El Monte Irago está coronado por un poste de cinco metros de altura sobre un montículo de piedras, cada una de ellas con su significado
El Monte Irago es una loma redondeada. Sin embargo, se alza a 1.500 metros sobre el nivel del mar, y es un hito geográfico importante, pues en ese punto se separan las comarcas leonesas de la Maragatería y el Bierzo. Se puede llegar hasta el puerto por una estrecha carretera que se retuerce como una serpiente y que en invierno puede convertirse en una trampa de hielo. Pero son muchos los que lo vencen caminando, arrastrando los pies por la dura cuesta que han debido salvar desde Astorga, 25 kilómetros al este.

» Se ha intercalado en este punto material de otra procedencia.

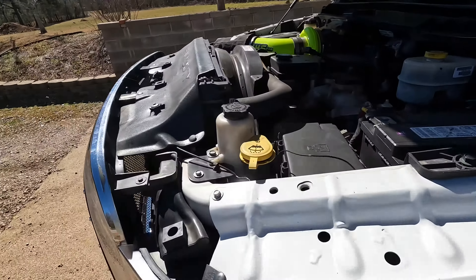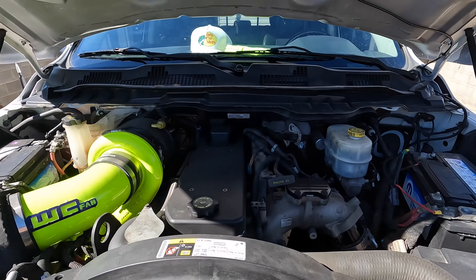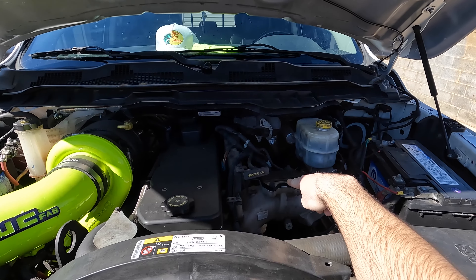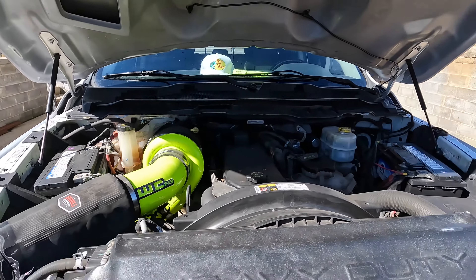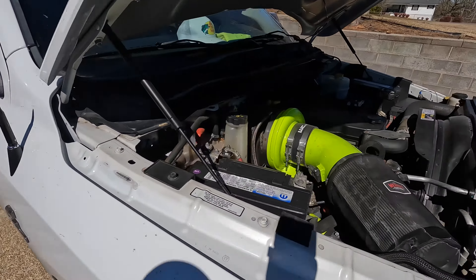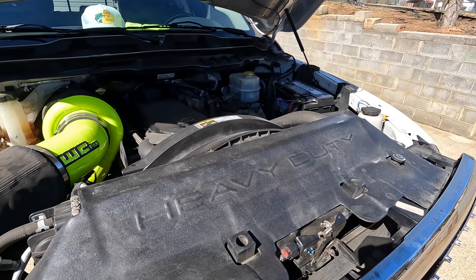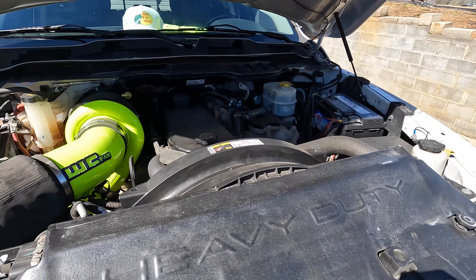I have the EGR delete kit on now because I've done a lot of work since I deleted my truck about a year ago. With the EGR delete, you put a plate on right here that blocks off where the EGR comes into the intake. There's a big EGR cooler right here. A question I see a lot on Facebook forums is: can you delete your exhaust, your DEF, and your muffler, and turn your EGR off with a tuner? Yes, you can.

Un poste de madera de cinco metros de alto se clava sobre un montículo de pedruscos. Y está coronado por una discreta cruz de hierro negro. La multitud de exvotos, mensajes y objetos nimios dejados por los caminantes indican que el lugar tiene una significación mística y religiosa. No es raro encontrar a alguna persona clavada de hinojos y orando a sus pies.
Dice la tradición que, camino hacia Santiago de Compostela, los peregrinos han debido cargar una china desde su hogar y que, si la descargan al pie del poste, eliminan sus pecados. De ahí que el montículo que sostiene a la llamada popularmente Cruz de Ferro tenga ya una altitud y una anchura considerables. Siendo indiscreto y leyendo algunos mensajes, se ven sentidos rezos, recuerdos para personas desaparecidas o distantes en el espacio, deseos fervorosos…
La presencia de la marca se remonta al periodo de los romanos e incluso más atrás, cuando era costumbre clavar postes altos en los pasos de montaña donde el grueso de la nieve era importante, para que los viajeros no perdieran la senda, sepultada por la precipitación. Hay quien reivindica que ya los celtas marcaban el camino.
Históricamente, parece certificado que los Reyes Católicos, en su peregrinación compostelana, mandaron que el lugar se señalizara convenientemente como importantísimo hito en el que se dejan atrás las más altas montañas leonesas antes de adentrarse, al cabo de dos jornadas, en los Ancares gallegos.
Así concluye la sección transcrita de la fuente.